=== SOURCE DATA ===
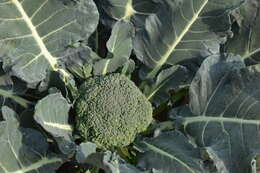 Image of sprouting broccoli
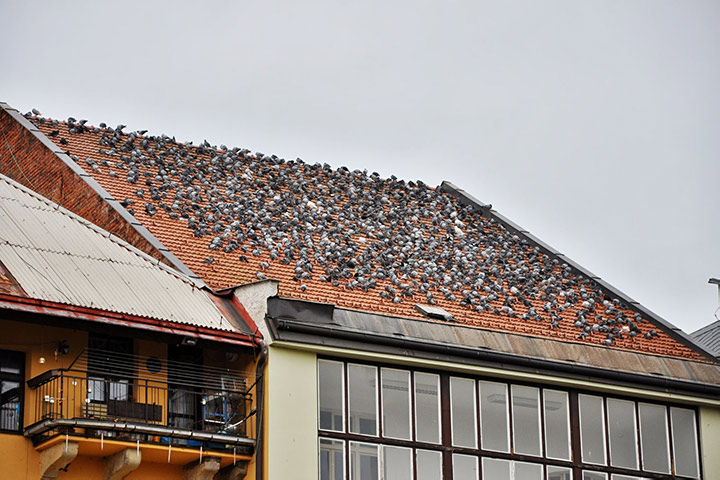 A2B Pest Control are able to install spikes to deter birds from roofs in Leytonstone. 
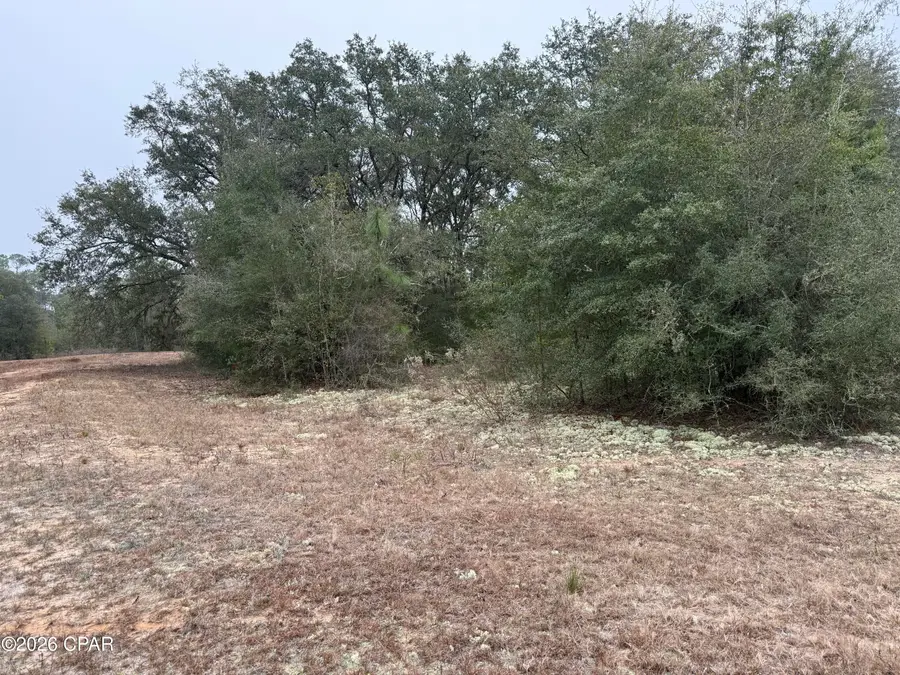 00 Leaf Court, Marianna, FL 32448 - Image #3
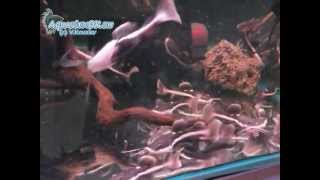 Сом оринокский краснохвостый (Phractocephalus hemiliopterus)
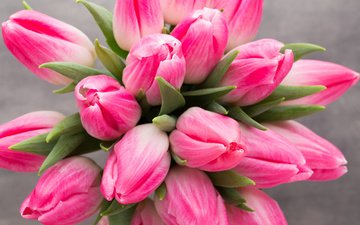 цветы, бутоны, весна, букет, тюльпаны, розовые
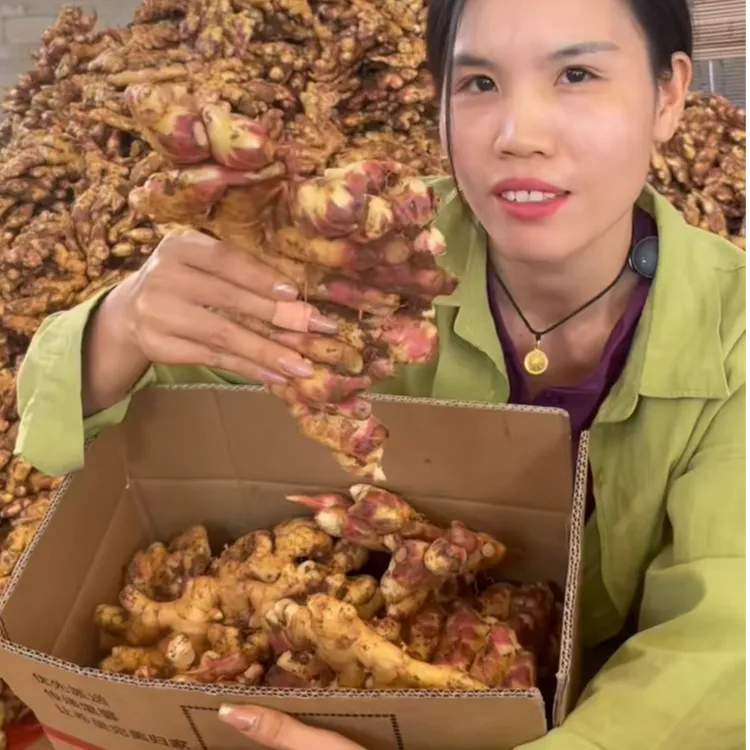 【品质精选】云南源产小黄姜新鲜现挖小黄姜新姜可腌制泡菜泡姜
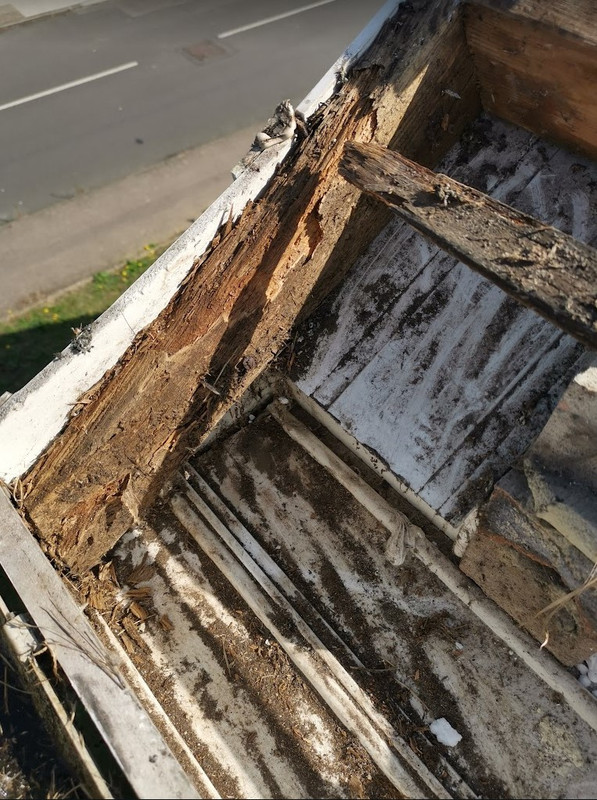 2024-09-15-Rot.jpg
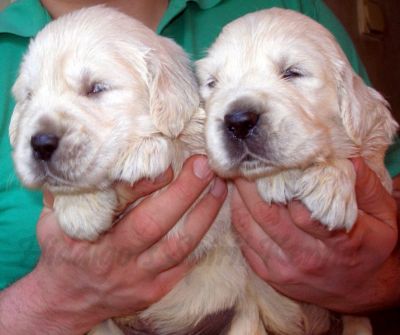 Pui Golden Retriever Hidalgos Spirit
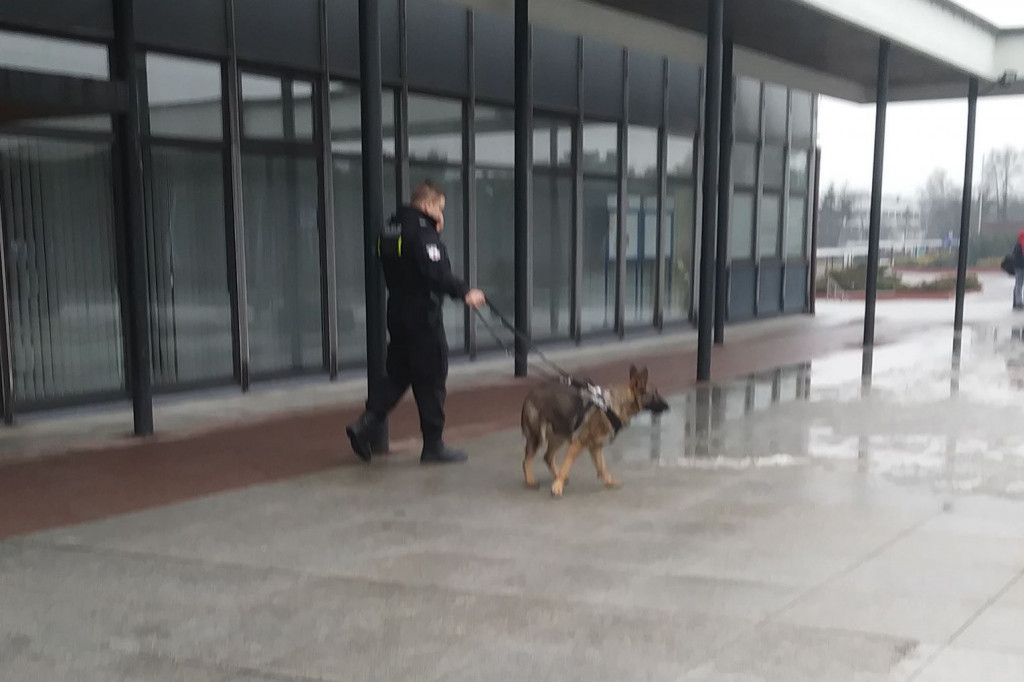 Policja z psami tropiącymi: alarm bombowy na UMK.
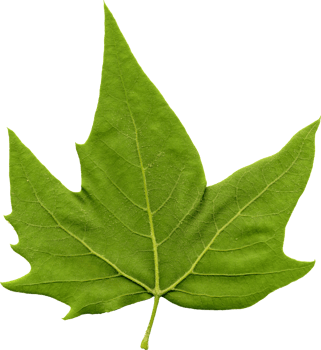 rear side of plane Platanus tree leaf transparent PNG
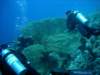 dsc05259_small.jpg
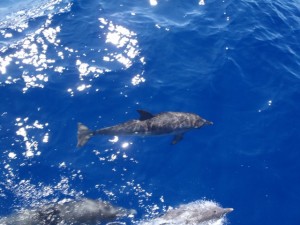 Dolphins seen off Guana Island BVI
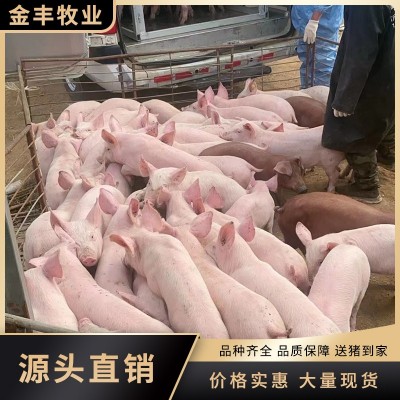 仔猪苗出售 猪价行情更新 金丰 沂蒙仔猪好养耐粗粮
===
=== SOURCE DATA ===
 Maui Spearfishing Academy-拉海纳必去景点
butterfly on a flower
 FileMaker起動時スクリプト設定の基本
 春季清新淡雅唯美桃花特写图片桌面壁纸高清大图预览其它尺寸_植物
===
PROBLEM TO SOLVE » The copy should hold only the lines from the one with "Image of sprouting broccoli" through the one with "dsc05259_small.jpg", exactly as they stand above. Leave out the pictures.

SOLUTION TO THE EXERCISE »
 Image of sprouting broccoli
 A2B Pest Control are able to install spikes to deter birds from roofs in Leytonstone. 
 00 Leaf Court, Marianna, FL 32448 - Image #3
 Сом оринокский краснохвостый (Phractocephalus hemiliopterus)
 цветы, бутоны, весна, букет, тюльпаны, розовые
 【品质精选】云南源产小黄姜新鲜现挖小黄姜新姜可腌制泡菜泡姜
 2024-09-15-Rot.jpg
 Pui Golden Retriever Hidalgos Spirit
 Policja z psami tropiącymi: alarm bombowy na UMK.
 rear side of plane Platanus tree leaf transparent PNG
 dsc05259_small.jpg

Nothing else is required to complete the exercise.